Proposition n°2 : Développer un réseau d'experts dédié à la réponse aux appels à proposition chargés de proposer un appui technique aux collectivités qui répondent aux appels à proposition. |
De manière générale , il s'agit d'encourager les collectivités territoriales françaises à solliciter des financements européens en matière d'aide au développement. Elles sont beaucoup plus réticentes à le faire que les collectivités d'autres pays européens, comme l'Espagne ou l'Italie. Elles donnent quelquefois l'impression de ne pas oser déposer un dossier de candidature. Or, actuellement, l'ensemble de l'argent programmé par la Commission européenne en matière d'aide au développement n'est pas dépensé. Des cofinancements ne sont pas utilisés du fait d'un nombre de demandes répondant aux critères insuffisantes.
Les propositions de la Commission
européenne
S'appuyant sur une consultation publique qui a eu lieu du 26 novembre 2010 au 31 janvier 2011, la proposition de la Commission européenne apporte des modifications substantielles par rapport à la précédente programmation : - augmentation du budget total de l'aide au développement de 80 à 96 milliards et augmentation de 16,8 milliards d'euros à 23 milliards d'euros du budget de l'instrument de coopération ; - augmentation du budget du programme « organisations de la société civile et autorités locales » (au sein de l'instrument de coopération) passant de 1,6 milliard d'euros à 2 milliards d'euros ; - mise en place au sein de l'instrument de coopération d'un programme Panafricain d'un milliard d'euros. - instauration d'une « approche différenciée » : il s'agit pour l'Union européenne de se concentrer sur les régions et pays qui ont le plus de besoins. Dès lors, 19 pays 37 ( * ) , dont la Chine et l'Inde, ne seront plus éligibles à l'aide extérieure européenne. Leurs relations avec l'Union européenne s'inscriront dans le cadre d'un nouvel instrument de partenariat devant permettre à l'Union européenne de poursuivre des objectifs allant au-delà de l'aide au développement. |
2. S'efforcer d'utiliser davantage l'ensemble des possibilités ouvertes par la loi Oudin-Santini
Comme le soulignent l'Agence française de développement et le programme Solidarité Eau, seul le tiers du potentiel de la loi Oudin-Santini a été exploité . Ainsi, une application totale et généralisée de cette loi permettrait de mobiliser 67 millions d'euros par an, contre près de 20 millions d'euros aujourd'hui. Le potentiel de mobilisation est particulièrement élevé auprès des collectivités et de leurs groupements . En effet, leur mobilisation actuelle est de 7,2 millions d'euros sur 50 millions d'euros, soit moins de 15%, alors que les agences de l'eau atteignent plus de 71% (12,2 millions d'euros mobilisés en 2010 sur un potentiel de 17 millions d'euros).

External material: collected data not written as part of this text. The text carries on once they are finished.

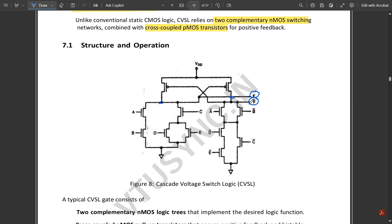This is similar to a PMOS connection but uses only NMOS transistors because the inputs are complemented. On the F-bar side, inputs are renamed: A is replaced by A-bar, B by B-bar, C, D, E by C-bar, D-bar, and E-bar. Where A and B are in series on one side, they are in parallel on the other. C and D+E are in series on one side and parallel on the other. The two branches are completely complementary of each other in the cross-coupled PMOS structure.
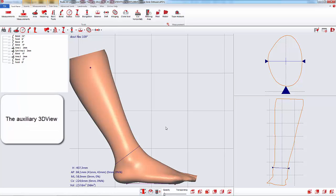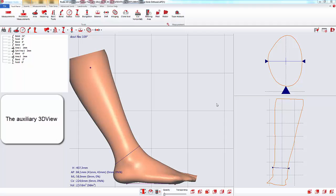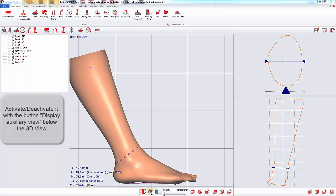In this video, we will see how to use the Auxiliary 3D View. You can activate this view by clicking on this button.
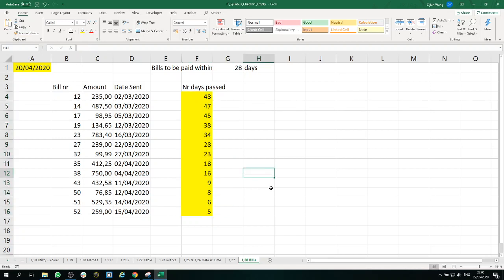So that is exercise 1.28. I will see you in the very last exercise of next video.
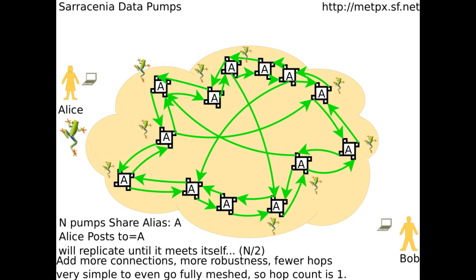Fingerprints stop the replication by identifying when data has already been received. As the configuration of Saracenia links is very straightforward, and even though it would make a very ugly diagram, it is reasonable to set up a full mesh for total redundancy, guaranteeing a hop count of 1.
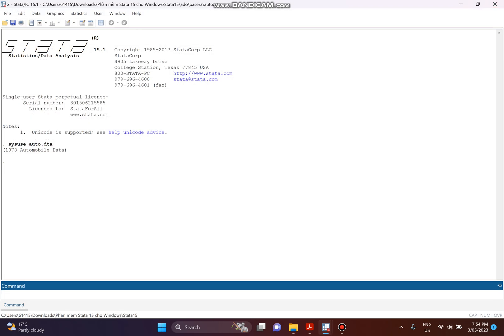Now the first thing we need to do is generate the new variable. So I generate square_weight equal to weight squared. The new variable has now been generated.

Proposition n°3 : Inciter les collectivités territoriales et leurs groupements à utiliser 1% des ressources affectées aux budgets des services de l'eau, de l'assainissement, de l'électricité et du gaz pour financer des actions de coopération décentralisée. |
Par ailleurs, devant les montants récoltés par cet outil financier, un fonds national mutualisant un pourcentage des ressources mobilisées par les services publics d'eau et d'assainissement ainsi que par les agences de l'eau pourrait être mis en place. Ce fonds présenterait un double avantage :
D'une part, il permettrait aux collectivités du Sud de recourir à ce fonds afin de financer des projets dans ce domaine, quand elles n'arrivent pas à trouver de collectivités françaises partenaires . Comme l'a souligné l'un des intervenants, les villes du sud connaissent une urbanisation galopante et les réseaux de distribution d'eau potable et d'assainissement ont du mal à suivre ce rythme de développement. Or, elles ont des difficultés à trouver des collectivités françaises qui acceptent de financer ces prolongements de réseaux. On comprend pourquoi : ces projets ont moins de visibilité politique pour la collectivité française, et surtout, ils nécessitent la création de nouveaux partenariats, ce qui prend du temps. Ce fonds serait ainsi une réponse.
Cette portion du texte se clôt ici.